These are Apple’s strict requirements for states that support IDs in the Wallet app

At this year’s WWDC, Apple announced its plans to add support for ID card storage to the Wallet app. New documents obtained from CNBC offers more details on behind-the-scenes agreements between Apple and the governments in the countries where it launches this function.

The documents in question were obtained through requests for public records and “other sources,” the report said. The agreement between Apple and the state “generally portrays Apple as having a high degree of control over government agencies responsible for issuing ID cards.”

As a refreshment, Apple said support for storing digital IDs in the Apple Wallet will initially be launched in several states, and the introduction will take place from state to state. The initial composition of the states includes Arizona, Connecticut, Georgia, Iowa, Kentucky, Maryland, Oklahoma and Utah.

CNBC obtained documents showing agreements between Apple and Georgia, Arizona, Kentucky and Oklahoma. Documents show that Apple has “sole discretion” regarding the introduction of the technology behind ID storage in the Apple Wallet.

In the agreement, Apple also says states must allocate the necessary funds to the program:

States must agree to “allocate reasonably sufficient staff and resources (e.g., staff, project management, and funding) to support the launch of the Program within the timeframe set by Apple,” the documents said.
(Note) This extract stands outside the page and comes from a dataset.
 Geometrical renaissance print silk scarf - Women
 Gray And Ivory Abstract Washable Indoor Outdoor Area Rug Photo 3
This includes conducting quality testing to ensure that digital IDs work “in accordance with Apple’s certification requirements” on a variety of Apple devices.
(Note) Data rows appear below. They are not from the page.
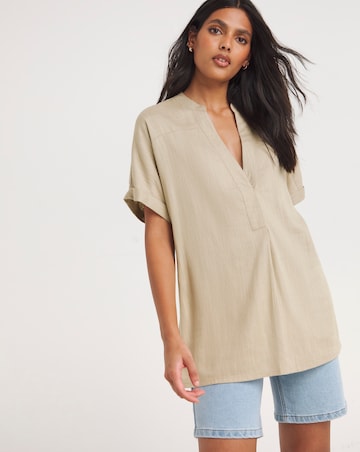 Linen Mix Tunic Top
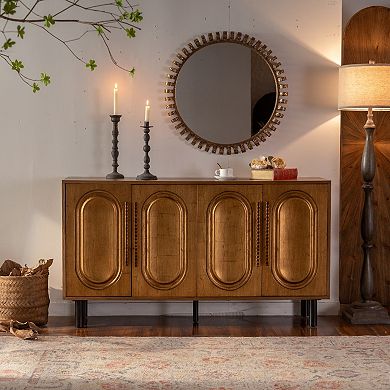 Gold-Toned Arched Door Sideboard Buffet Cabinet 4-Door Storage Console for Dining Living Room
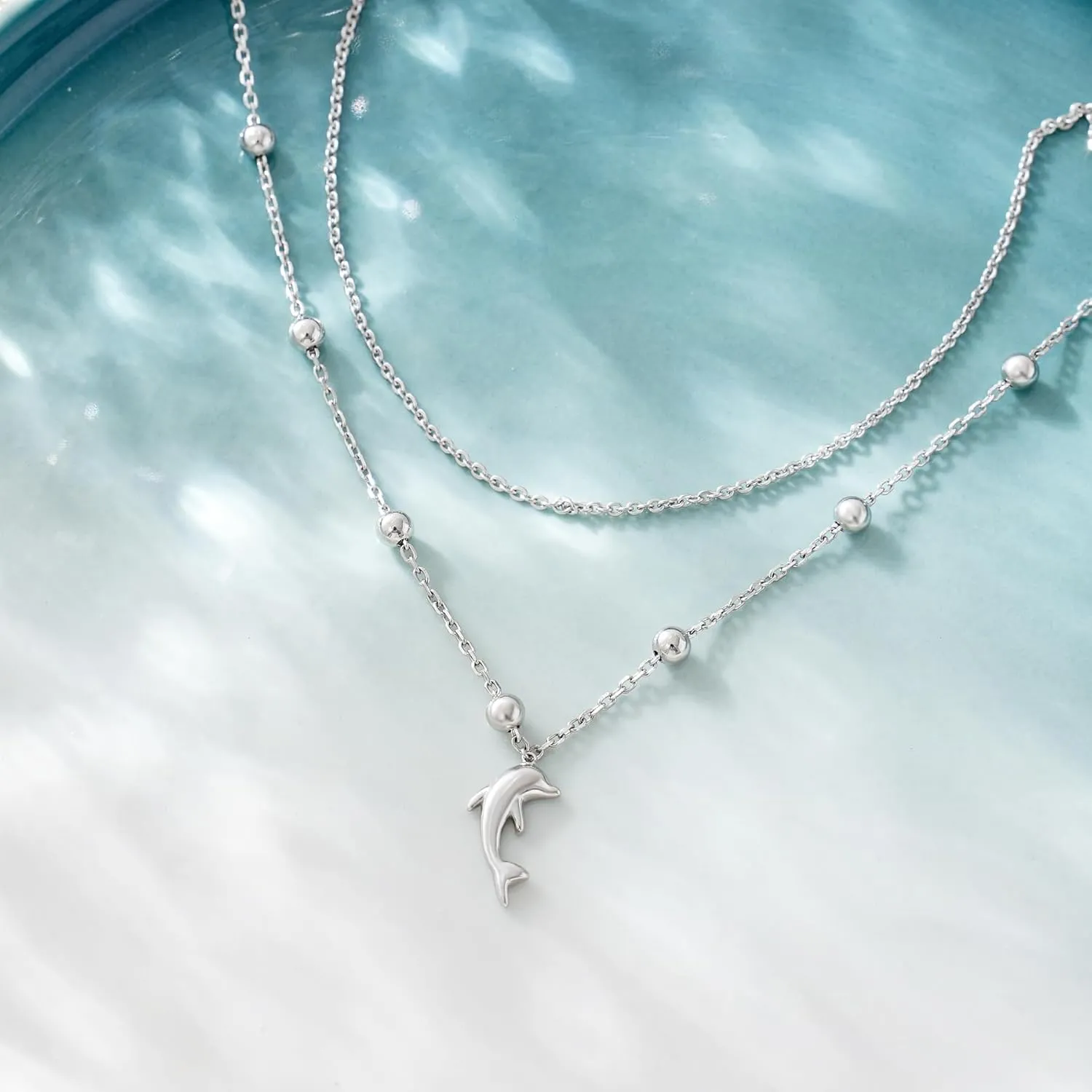CHIC & ARTSY Womens Sterling Silver Created Opal Layered Anklet Bracelet Dainty Beaded Chain Adjustable 11" Best Friend Anklet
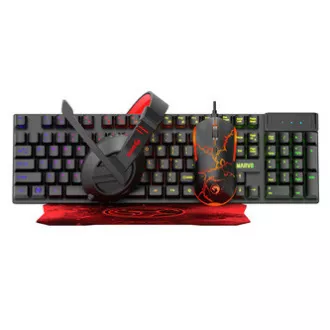 Marvo CM409 DE Tastatur-Set kabelgebunden (USB) US, schwarz mit Gaming-Maus, Mauspad und Kopfhörer, Gaming, Membran-Typ hintergrundbeleuchtet Marvo CM409 DE Tastatur-Set kabelgebunden (USB) US, schwarz mit Gaming-Maus, Mauspad und Kopfhörer, Gaming, Membran-Typ hintergrundbeleuchtet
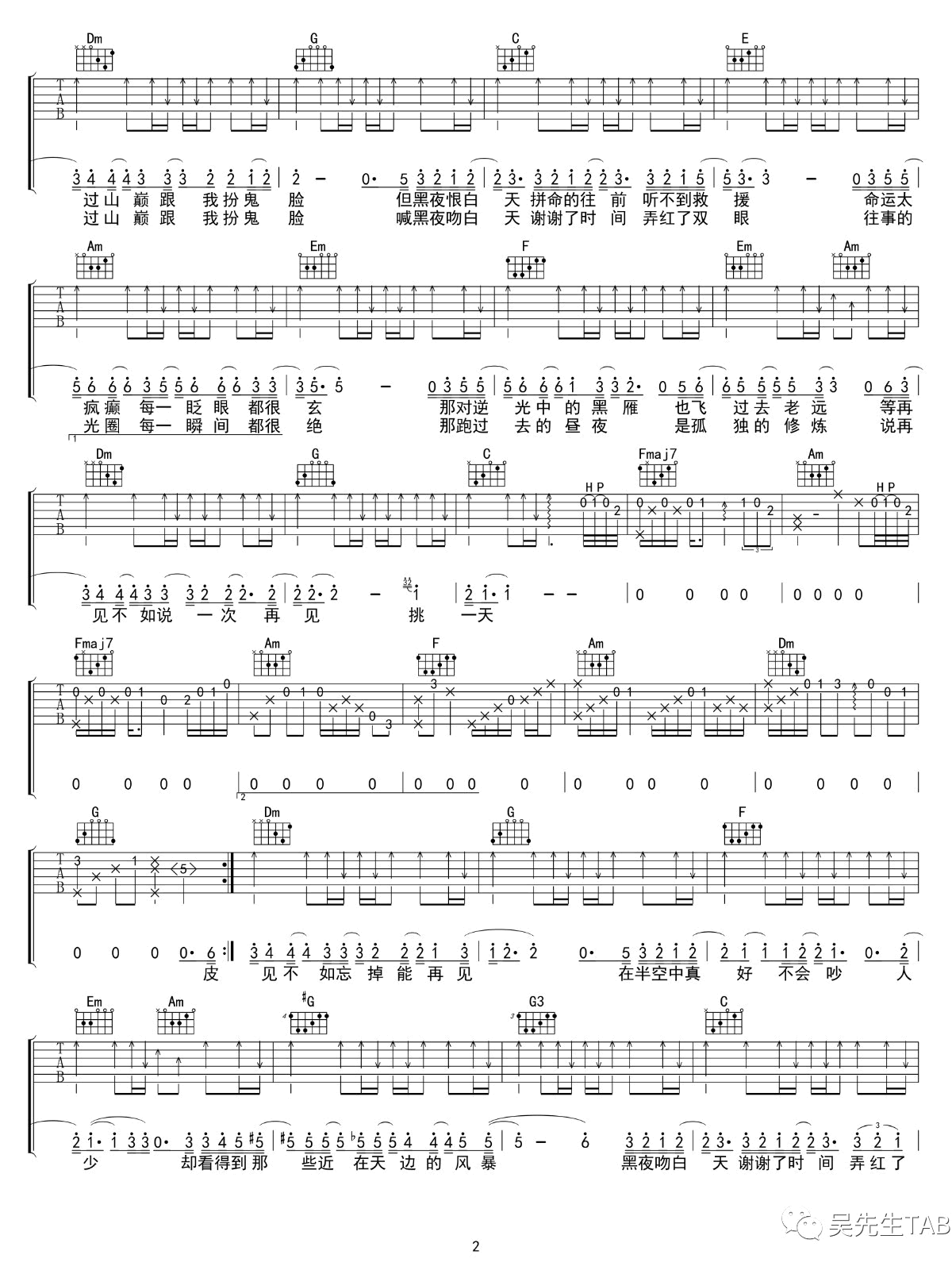 林俊杰《黑夜问白天》吉他谱-2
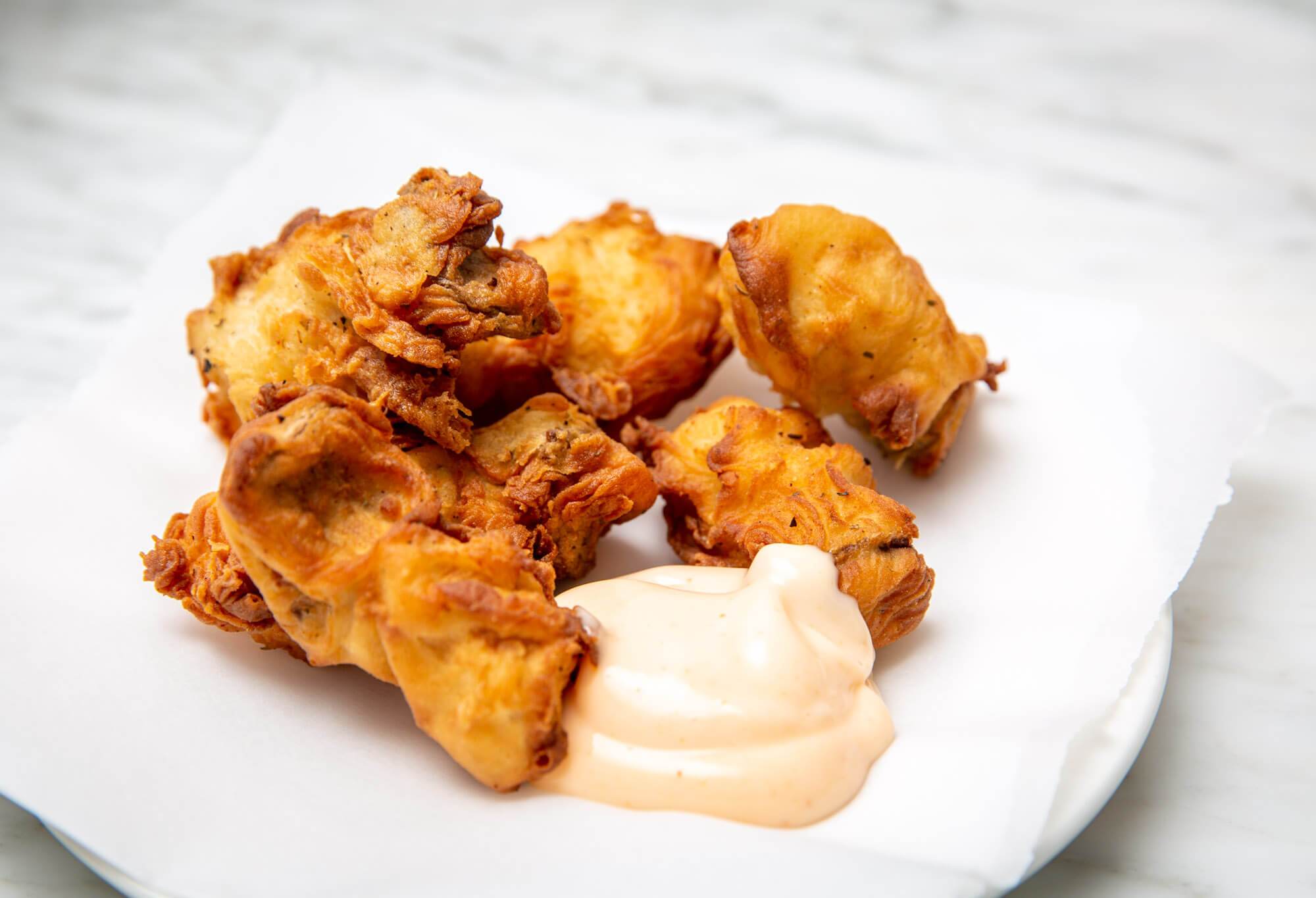 Vegan fried “chicken” using oyster mushrooms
Furthermore, the agreement states that states must “prominently highlight the Program in all public communications regarding digital identity credentials.” Apple must also be granted “prior review and approval” of all marketing materials.

It is also the obligation of the states when it comes to checking the ID card:

It is important that in its agreement, Apple shifts responsibility for authenticating user identities to the following: “Apple will not be responsible for any verification results, and the Agency confirms that all verification results are provided AS IS and without any warranties, express, implied or otherwise. in terms of its accuracy or performance. ”
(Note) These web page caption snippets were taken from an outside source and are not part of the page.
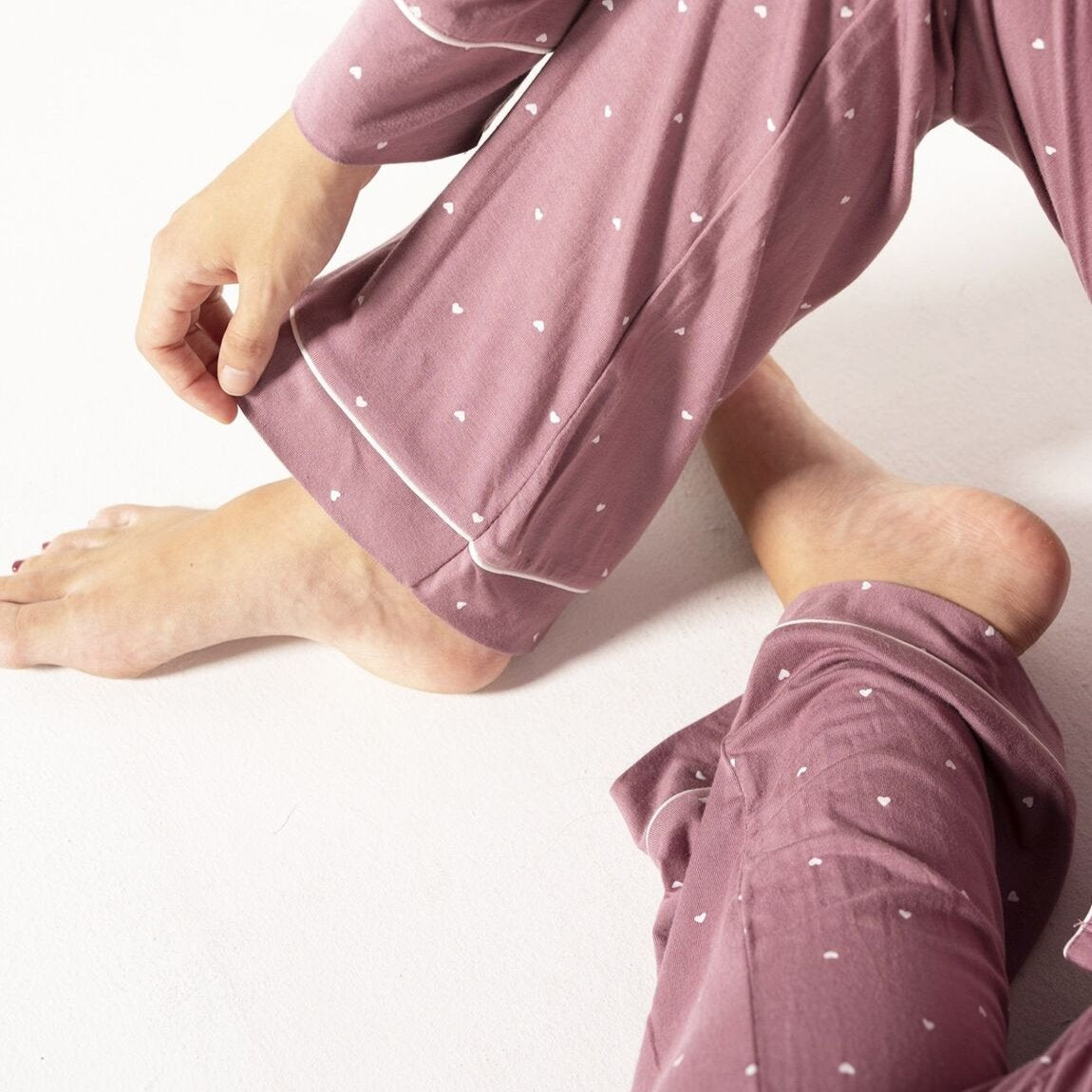 Purple Pyjama Heart Nursing Shirt and Trousers - bundled joys co.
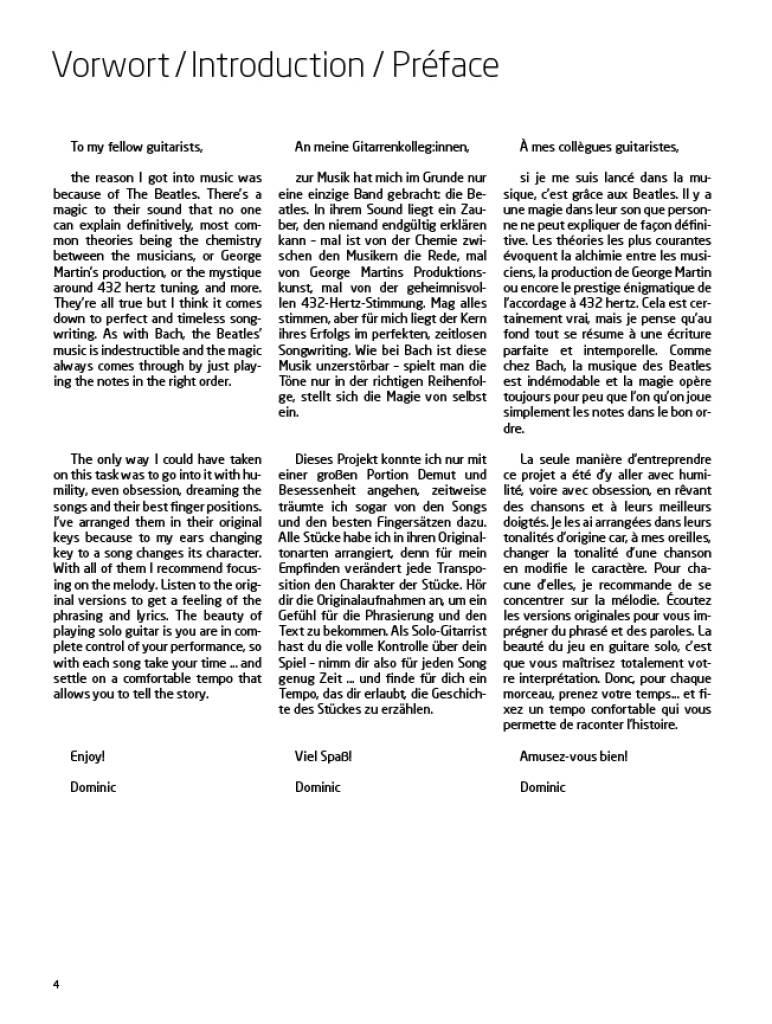 The Beatles arranged for Guitar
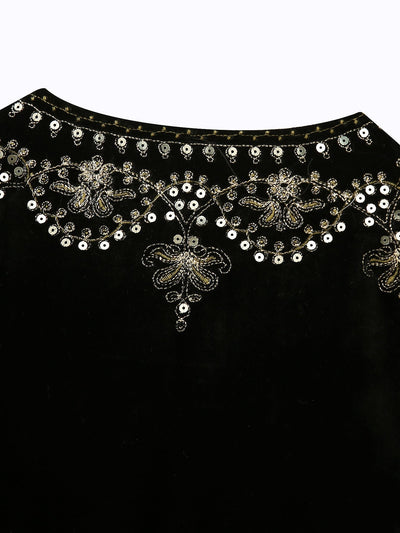 Jane – Retro Damenweste aus Samt mit Stickerei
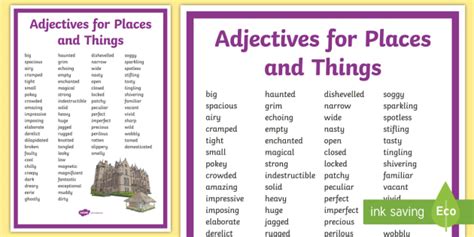 Adjectives for Places and Things Display Poster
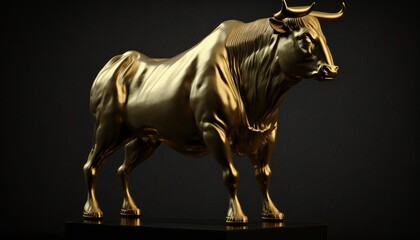 Golden bull on a black background. Generative AI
State governments and agencies are responsible for funding all of these efforts, including maintaining the systems needed to issue and service digital IDs, as well as marketing.

All these efforts are paid for by the states. The Agreement states that “unless otherwise agreed between the Parties, neither Party shall owe the other Party any compensation under this Agreement.”

Complete report on CNBC Worth reading and can be found here. What do you think of Apple’s plans to add digital IDs to the Wallet app? Should Apple bear more responsibility in introducing the technology? Let us know in the comments!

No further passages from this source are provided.